Ini bisa berarti bahwa dalam bekerja ia akan sungguh-sungguh karena bagi
dirinya bekerja tak lain adalah ibadah, pengabdian kepada Yang Maha Suci. Lebih
seksama lagi, ia akan bekerja – dalam bahasa populernya – secara profesional.
Apa sebenarnya profesional
itu ? Dalam khasanah Islam mungkin bisa dikaitkan dengan padanan kata ihsan.
Setiap manusia, seperti diungkapkan Al Qur’an, diperintahkan untuk berbuat
ihsan agar dicintai Allah. Kata Ihsan sendiri merupakan salah satu pilar
disamping kata Iman dan Islam. Dalam pengertian yang sederhana, ihsan berarti
kita beribadah kepada Allah seolah-olah Ia melihat kita. Jikalau kita memang
tidak bisa melihat-Nya, tetapi pada kenyataannya Allah menyaksikan setiap
perbuatan dan desir kalbu kita. Ihsan adalah perbuatan baik dalam pengertian
sebaik mungkin atau secara optimal. Hal itu tercermin dalam Hadis Riwayat
Muslim yang menuturkan sabda Rasulullah SAW : Sesungguhnya Allah mewajibkan
ihsan atas segala sesuatu. Karena itu jika kamu membunuh, maka berihsanlah dalam
membunuh itu dan jika kamu menyembelih, maka berihsanlan dalam menyembelih itu
dan hendaknya seseorang menajamkan pisaunya dan menenangkan binatang
sembelihannya itu.
Menurut Nurcholis Madjid,
dari konteks hadis itu dapat disimpulkan bahwa ihsan berarti optimalisasi hasil
kerja dengan jalan melakukan pekerjaan itu sebaik mungkin, bahkan sesempurna
mungkin. “Penajaman pisau untuk menyembelih” itu merupakan isyarat efisiensi
dan daya guna yang setinggi-tingginya. Allah sendiri mewajibkan ihsan atas segala
sesuatu seperti tercermin dalam Al Qur’an. Yang membuat baik, sebaik-baiknya
segala sesuatu yang diciptakan-Nya. (32:7). Selanjutnya Allah juga menyatakan
telah melakukan ihsan kepada manusia, kemudian agar manusia pun melakukan
ihsan. Dan carilah apa yang dianugerahkan kepadamu (kebahagiaan) negeri
akhirat, dan janganlah kamu melupakan kebahagiaan dunia, dan berbuat ihsanlah
kepada orang lain sebagaimana Allah telah berbuat ihsan kepadamu , dan
janganlah kamu berbuat kerusakan di muka bumi.

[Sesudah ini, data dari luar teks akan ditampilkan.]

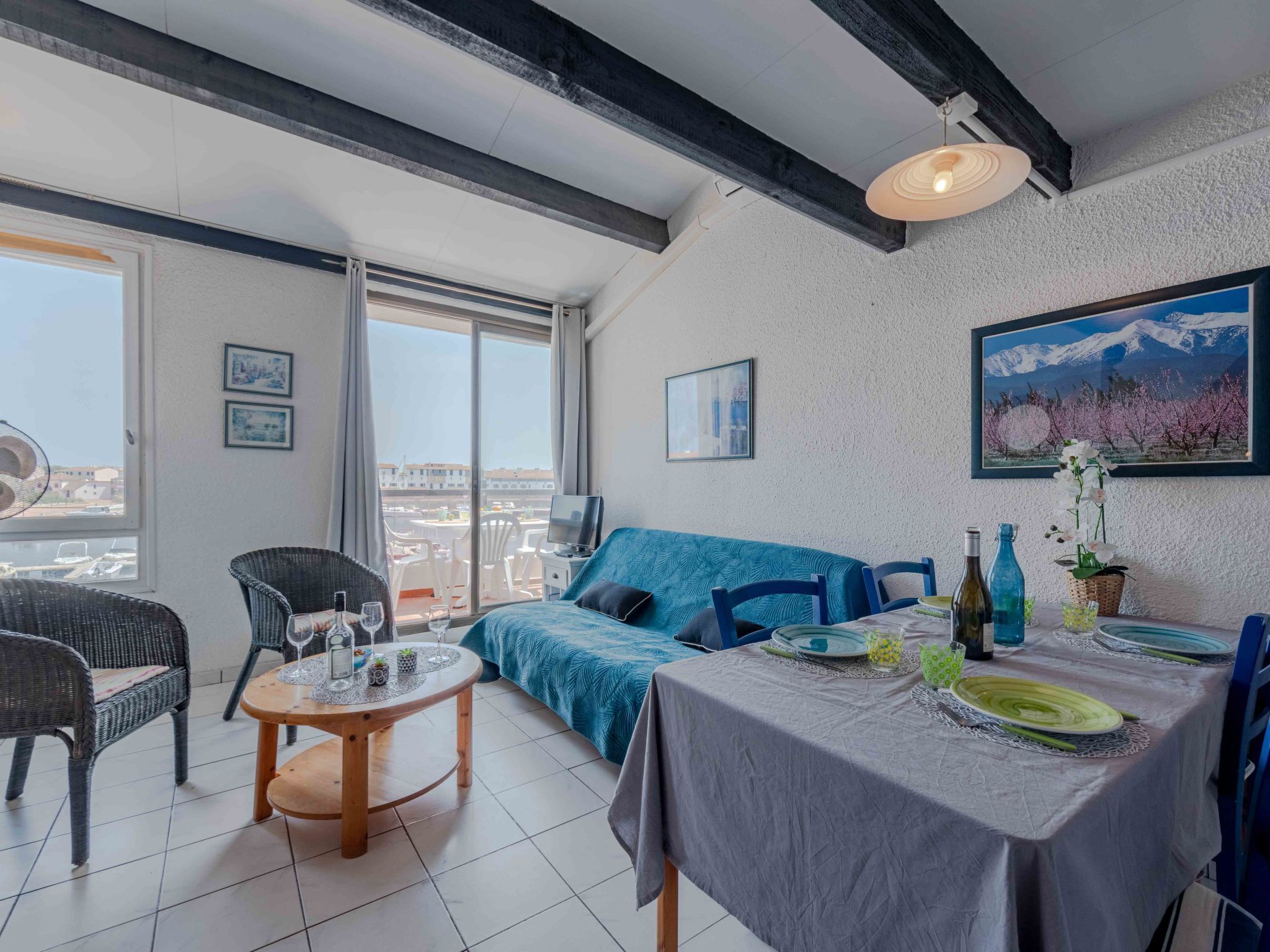 A modern room with a balcony, a dining table set for two, and a sofa.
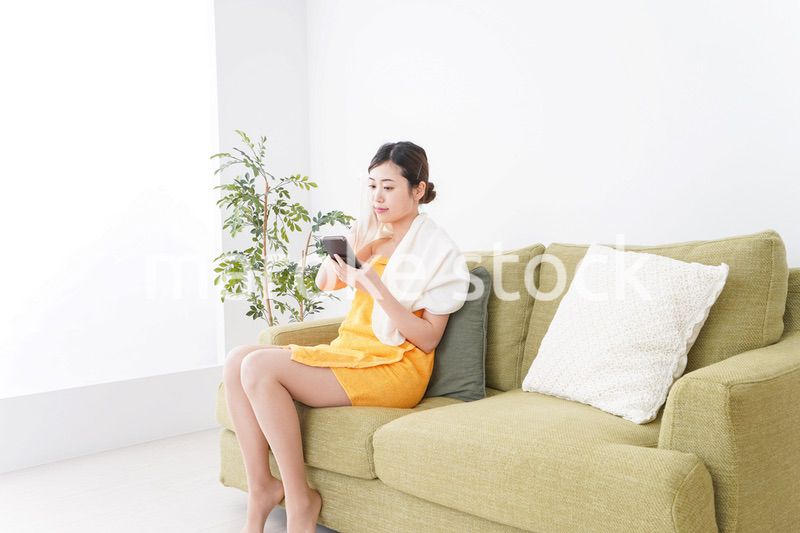 お風呂上がりにスマホをいじる女性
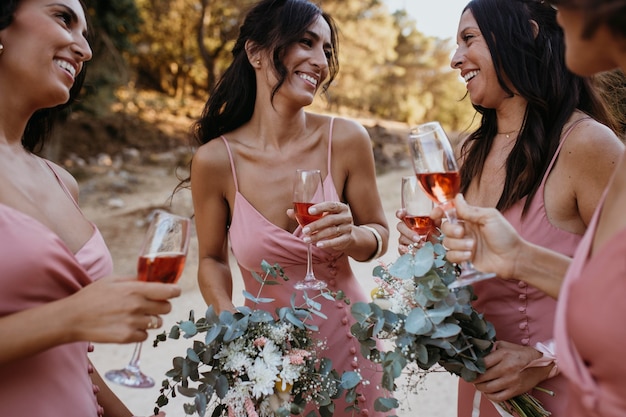 Beautiful bridesmaids celebrating their friend's wedding
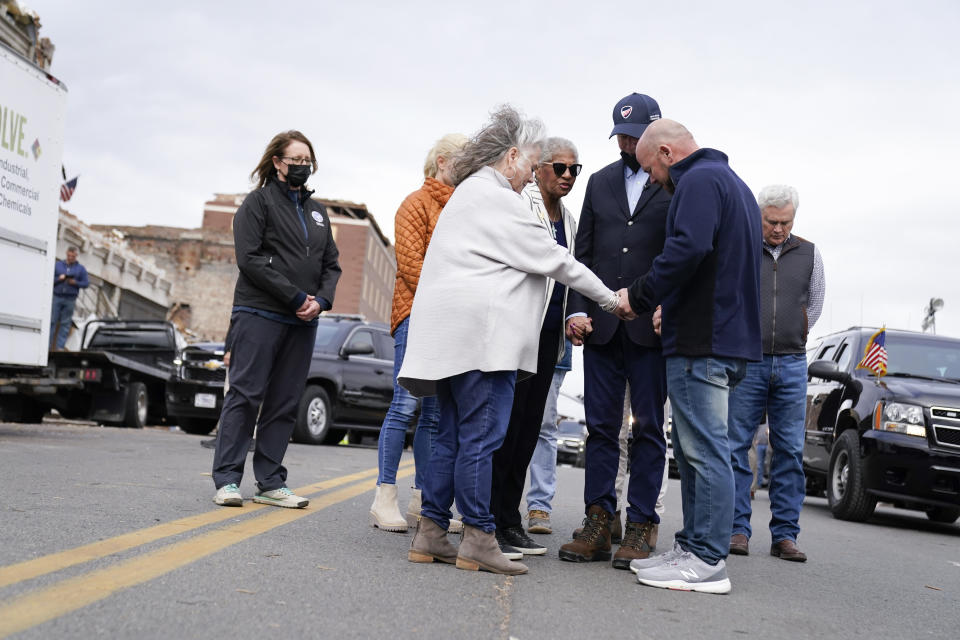 President Joe Biden bows his head as he holds hands Jesse Perry, Graves County Judge Executive and Anne Henning Byfield, Presiding Bishop of the AME Council of Bishops in Mayfield, Ky., Wednesday, Dec. 15, 2021. Mayfield Mayor Kathy Stewart O'Nan is at center left. (AP Photo/Andrew Harnik)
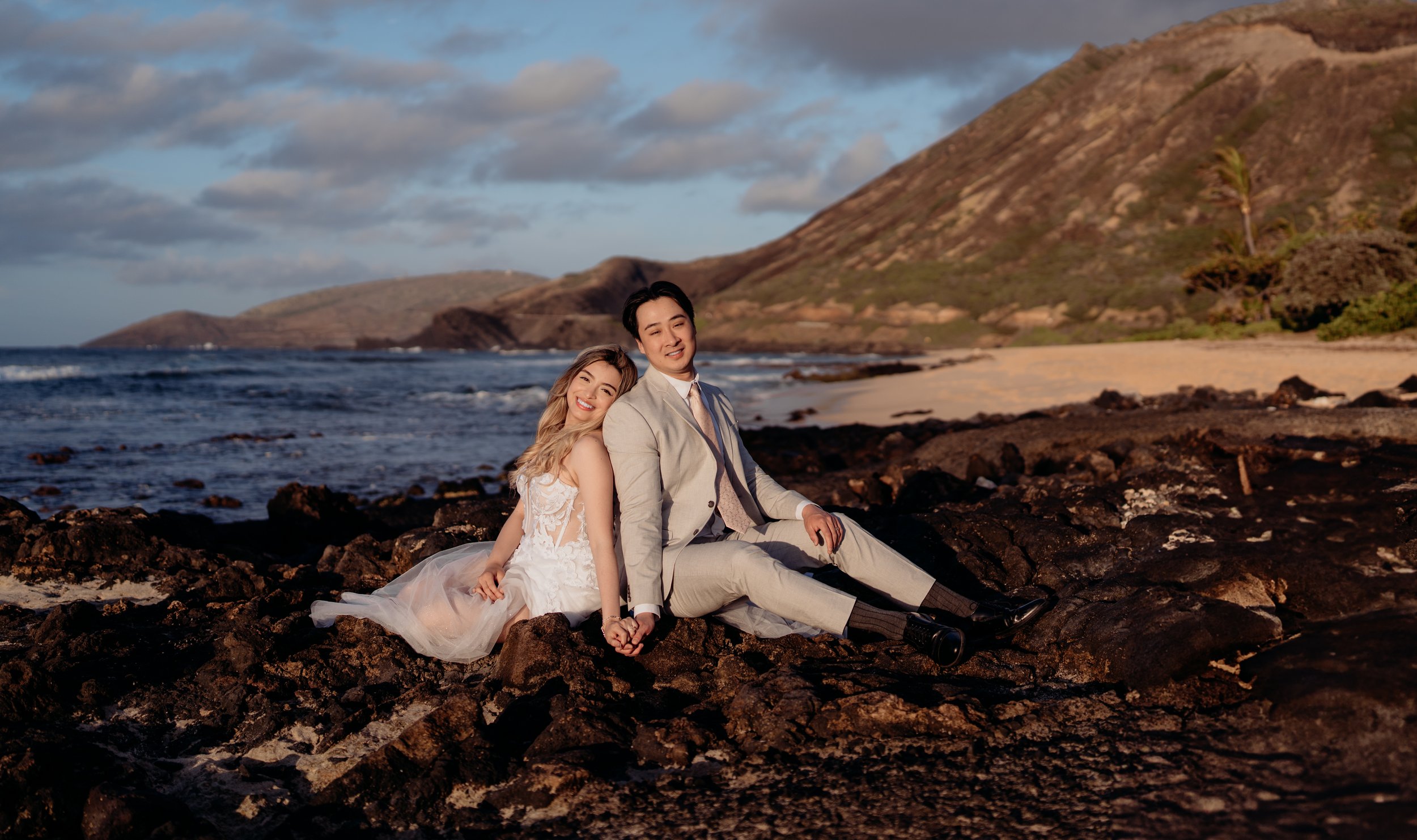 A couple dressed in wedding attire sitting on rocks by the ocean in a scenic coastal landscape with mountains in the background.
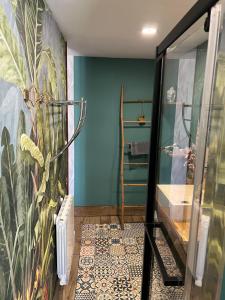 a bathroom with a blue wall and a staircase at Chambre D'hôte Villa Maurice in Étretat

Sesungguhnya Allah tidak
menyukai orang-orang yang berbuat kerusakan. (28:77).
Dari keterangan hadis dan
uraian Al Qur’an jelaslah bahwa setiap Muslim harus menjadi seorang pekerja
yang profesional. Dengan demikian ia melaksanakan salah satu perintah Allah
untuk berbuat ihsan dan juga mensyukuri karunia Allah berupa kekuatan akal dan
fisiknya yang diberikan sebagai bekal dalam bekerja. Mengabaikan potensi akal
dan fisik ini atau tidak “menajamkannya” bisa bermakna tidak mensyukuri nikmat
dan karunia Ilahi Rabbi.
Pengertian kerja dalam
keterangan di atas, dalam Islam amatlah luas, mencakup seluruh pengerahan
potensi manusia. Adapun pengertian kerja secara khusus adalah setiap potensi
yang dikeluarkan manusia untuk memenuhi tuntutan hidupnya berupa makanan,
pakaian, tempat tinggal, dan peningkatan taraf hidup.
Inilah pengertian kerja
yang bisa dipakai dalam dunia ketenaga-kerjaan dewasa ini, sedangkan bekerja
dalam lingkup pengertian ini adalah orang yang bekerja dengan menerima upah
baik bekerja harian, maupun bulanan dan sebagainya.
Pembatasan seperti ini
didasarkan pada realitas yang ada di negara-negara komunis maupun kapitalis
yang mengklasifikasikan masyarakat menjadi kelompok buruh dan majikan, kondisi
semacam ini pada akhirnya melahirkan kelas buruh yang seringkali memunculkan
konflik antara kelompok buruh atau pun pergerakan yang menuntut adanya
perbaikan situasi kerja, pekerja termasuk hak mereka.
Konsep klasifikasi kerja
yang sedemikian sempit ini sama sekali tidak dalam Islam, konsep kerja yang
diberikan Islam memiliki pengertian namun demikian jika menghendaki penyempitan
pengertian (dengan tidak memasukkan kategori pekerjaan-pekerjaan yang berkaitan
dengan ibadah dan aktivitas spiritual) maka pengertian kerja dapat ditarik pada
garis tengah, sehingga mencakup seluruh jenis pekerjaan yang memperoleh
keuntungan (upah), dalam pengertian ini tercakup pula para pegawai yang
memperoleh gaji tetap dari pemerintah, perusahaan swasta, dan lembaga lainnya.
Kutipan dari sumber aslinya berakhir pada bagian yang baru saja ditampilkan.